In May, Spanish researchers announced their findings that those who had received a dose of the AstraZeneca product, followed by a dose of the Pfizer vaccine, demonstrated a strong immune response.
Importantly, this mixing and matching appeared to create a stronger immune response than two identical doses of the AstraZeneca vaccine, according to Xing. However, it is unknown if this protocol produces a more advantageous result than two doses of the Pfizer vaccine.
Preliminary results from the ongoing Com-Cov study at Oxford University appear to show that combining vaccines may actually increase the chances of subjects experiencing mild and even moderate side effects, including fever, fatigue and headache, according to the Times report.
The information gleaned so far indicates that a mix and match dosing program “might have some short-term disadvantages,” the researchers state, although it is also possible that these very same side effects could simply indicate a strong, and desirable, immune response.
Importantly, the researchers found that the majority of the reported side effects dissipated within 48 hours after inoculation.
Researchers around the world are indicating that they expect the data that emerges from the studies to demonstrate that the mix and match approach is safe for the public.
“As we’ve learned in 18 months of Covid-19 shocks, never say never, but its really hard to rationalize any new risk associated with what is really a basic, tried and tested immunological approach,” stated Daniel Altmann, an immunologist at Imperial College London.
The UK, which was the hardest hit amongst all developed nations in the pandemic, suffering 128,000 deaths out of a population of 66.65 million people, began allowing this mix and match vaccine approach early on in its inoculation campaigns as it ramped them up quickly after the AstraZeneca product hit the market.
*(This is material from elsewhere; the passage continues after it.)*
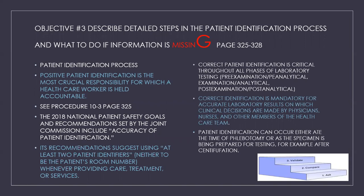Objective number three is to describe the detailed steps in the patient identification process and what to do if information is missing. We'll be covering this on pages 325 through 328. Positive patient identification is the most crucial responsibility for which a healthcare worker is held accountable. See the step-by-step procedure on page 325, procedure 10-3.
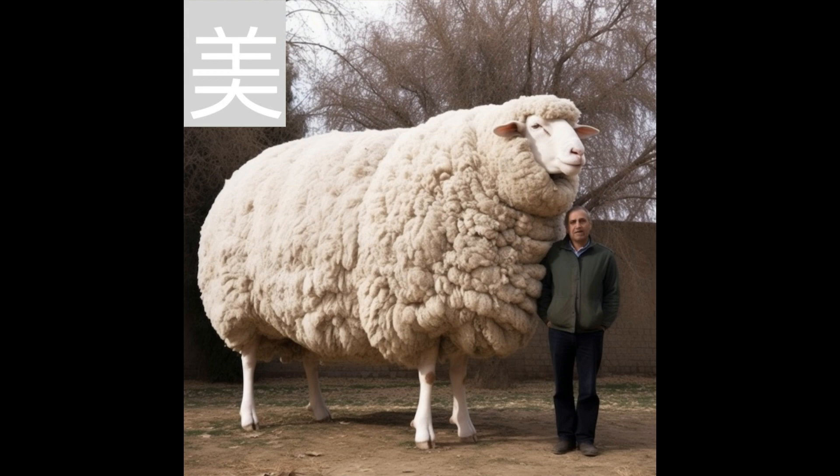And now our kanji memories memory image. I think we can all agree, that is a large sheep.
Health officials in Germany, Canada, Sweden, France, Spain and Italy, have all ruled that those who received one dose of the AstraZeneca vaccine, which has been repeatedly linked to thrombosis, can get a different vaccine for their second inoculation.
The nation of South Korea, experiencing delays in AstraZeneca vaccine deliveries, ruled last week that health care professionals who had received a first AstraZeneca shot could receive the Pfizer inoculation to complete their vaccination series.
The vaccine advisory panel for the nation of Canada has also now ruled that heathcare professionals can now use the Pfizer and Moderna inoculations interchangeably.
However, US officials are more wary of mixing and matching, as shown in its recent statement saying that this who received one dose of either the Pfizer or Moderna vaccine may receive a second dose of the other in what they termed “exceptional situations,” including when the original vaccine is unavailable.
Dr. Moore, of Weill Cornell, states that “I cannot imagine that the FDA will allow this kind of mix-and-match strategy without properly evaluating clinical trial data.”